Richard Conway reviews the latest exciting developments in the world of Search, and makes some searching predictions for 2017.
It’s not news that Google is looking for ways to disrupt the online marketplace.
It started off earlier this year with things such as Google expanded text ads, green paid ad labels and updated Google Panda (an algorithm that measures the quality of your site).
Now, Google is delving deeper into the search experience and expanding it beyond the online environment.
As a specialist search agency, we live and breathe all these updates. However, if you are a small business owner it is difficult to keep up to date with everything.
This month I’ve therefore selected a few recent changes that may be of interest to small and medium size businesses.
Google Penguin 4.0
Google Penguin is designed to seek out those websites that spam search results. It was first introduced in 2012 and has been updated a couple of times since.
Penguin 4.0 is focused on over-optimised sites that either use keywords too frequently and in unnatural places or have too many external links to the site.
What this means is that Google will locate these sites and demote them on the search rankings. Previous versions of Google’s Penguin would update intermittently, but the new version updates in real time. So as soon as the site is indexed, Google is able to update it in its database and either lift or incur a penalty.
More and more time is being spent surfing the web on mobile devices. According to the 2015 Consumer Barometer one in every two searches in New Zealand is now done on a mobile device. It is not surprising, therefore, that Google has recently revealed that it will be rolling out a separate mobile search index. What is surprising however, is that this new mobile index will become Google’s primary index!
Whilst we do not know exactly when the new index will be rolled out, we are reliably informed it will be within a matter of months.
Smartphones are the technology of today. It’s very rare that you see anyone who doesn’t have a smartphone. If they do, it probably looks like a kid’s toy phone. So it’s not surprising that Google got involved. Recently it has released Pixel smartphones that, like their predecessors Nexus, have both security and Android updates directly from Google.
Pixel smartphones also have “exclusive” software features that include Google Assistant (which you can download on a standard Android phone if you have the knowhow), and advanced camera features. It will also be the only phone to connect into Daydream View headsets.
The phone is available from October 20, so only time will tell how well the tech giant has made its latest smartphone.
Google Wi-Fi promises to blanket your home with Internet, optimising the connection for devices that are connected. Depending on the size of the house, additional Google Wi-Fi points may be required, but all are synced to determine the best path for data. Google Wi-Fi can be controlled via your mobile phone, using an app. This means when you’re at the dinner table and the kids are on their phones you can disable the connection for their devices. It might also be useful for ensuring employees’ attention is on the right point too.
Google Home smart speaker
Google Home has just been launched as competition to Amazon Echo. It uses voice-activated technology to add an event to your calendar, set the temperature of your thermostat, or stream your favorite song. The Google Home smart speaker can be linked to any speaker with Chromecast Audio Streamer plugged in – meaning you can create stereo sound throughout your home. Not only that, it integrates with your phone, giving you greater integration of your technology.

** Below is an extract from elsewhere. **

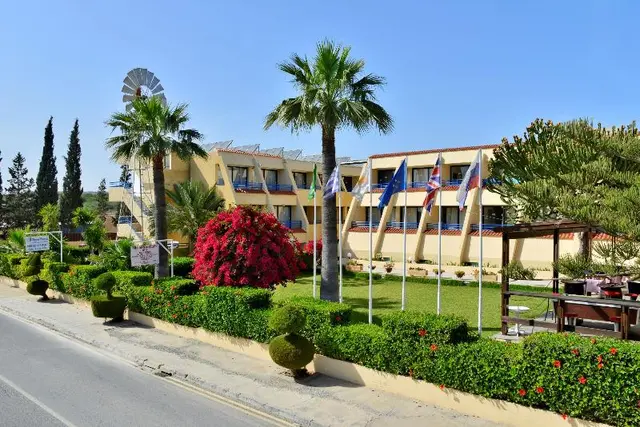 Napa Prince Hotel Apartments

Google really is aiming to become a platform that touches all aspects of our lives.
Speculation is showing that it isn’t just Google who is diversifying its proposition; Amazon isn’t far behind. Following the release of the Echo device, rumours have it that Amazon will be looking to give the on-demand music service pool a go. This comes as it has a streaming service that is aimed specifically at Echo users, giving them a bigger catalogue of music and connecting the service into the other features of the Echo, such as the voice-activated functionality and the quick connection to the Amazon website.
Recent data also shows that in the US, more product searches start on Amazon than they do on Google – it might be another avenue for Amazon to diversify into. We will be watching this space to see what comes next!
What is next?
Google has recently published a patent for assessing social interactions that can be fed into search rankings. What this means is that Google could assess what is happening on social media sites, blogs, emails and chat functions in order to create a social graph that affects the search results that are presented.
Not only that, the things that people you’re connected to like and engage with could impact your Google rankings. If this does come to light it could completely revolutionise the way we engage with social media and search, and would have its advantages for business.
At this stage though, it’s just a patent, so we’ll have to wait and see.
With more doors opening and an ever growing online business place, it is no wonder that large companies and organisations such as Google and Amazon are trying to make the most of being the big fish. Given how fast technology changes, it’s a smart move for them to continuously be looking at new ways to diversify their portfolio.
No matter whether Google does go into the social sphere, or Amazon goes more into the online media service space, we’re excited to see what comes next.